The woman on the screen was doing her best to go slowly, explaining the chords she was playing as she idly stroked her instrument. It was her actions, not her words that Yellow was watching, hungry for the valuable information contained in those minute movements. At this point she had probably seen enough of this particular tutorial that she could recite all of the instructions from memory.
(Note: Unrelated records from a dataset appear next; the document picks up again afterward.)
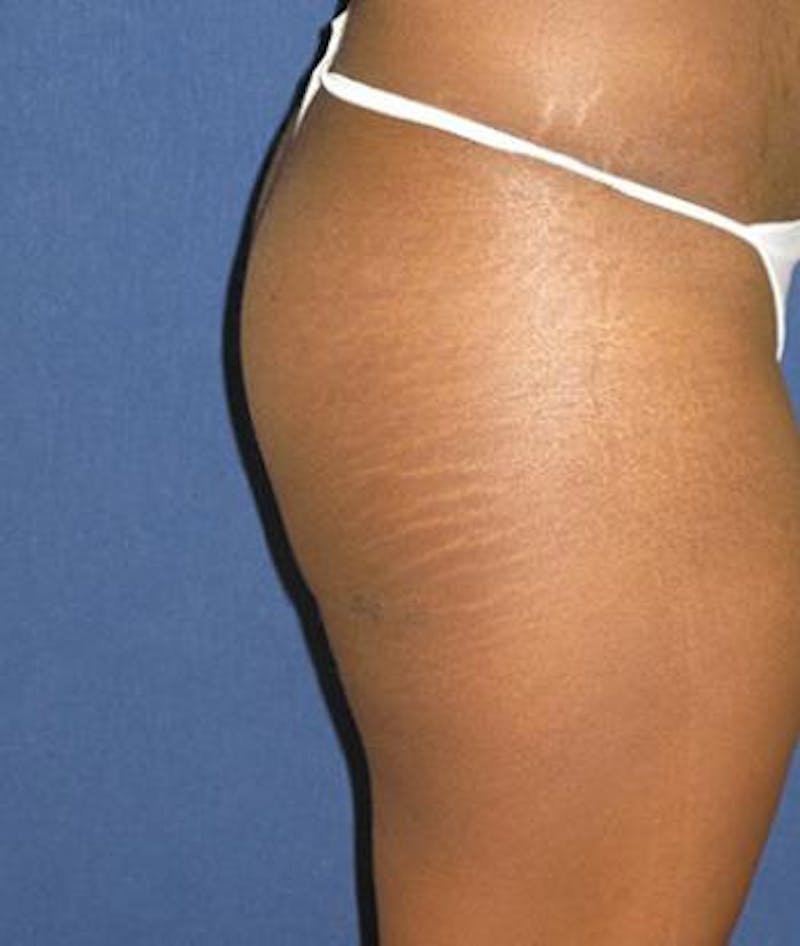 Buttock Lift Before & After Gallery - Patient 343192 - Image 4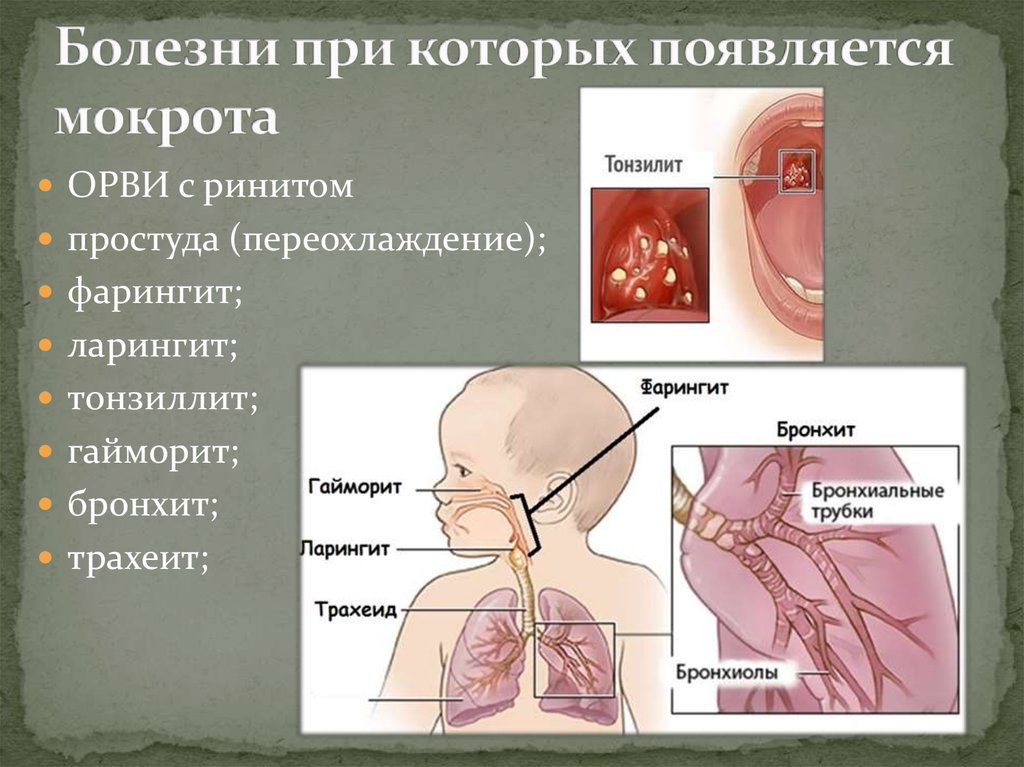 Болезни при которых появляется мокрота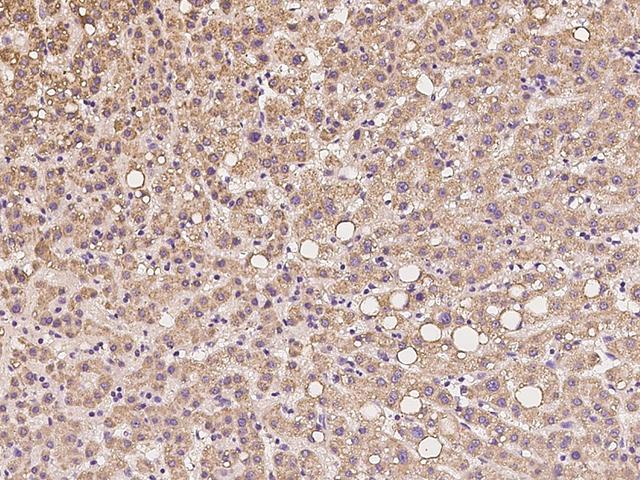 SCO1 Antibody - Immunochemical staining of human SCO1 in human liver with rabbit polyclonal antibody at 1:100 dilution, formalin-fixed paraffin embedded sections.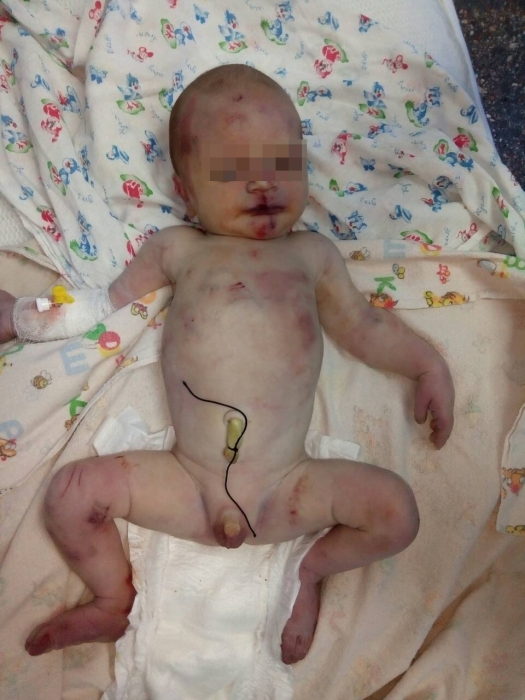 На Николаевщине неизвестные подбросили под больницу избитого новорожденного в коробке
Those lessons had been helpful, that much was true, but it was hard to express solely in words how much pressure you were supposed to apply to the strings and for how long. That had to be done by careful study and Yellow was nothing if not an astute observer.
That was how she had known that her feelings for Red would go unreciprocated.
The blonde-haired girl left the video playing, but her thoughts were elsewhere now. The guitar lay forgotten on her lap.
She had always been a part of his friend group it seemed, ever since Blue had brought her along to see the treehouse they were building. The older girl had been, and was still, an awe-inspiring role model and trusted confidante, but almost from the beginning she had latched onto Red. There was just something about his easy confidence and winning smile that had made her heart melt, even at six.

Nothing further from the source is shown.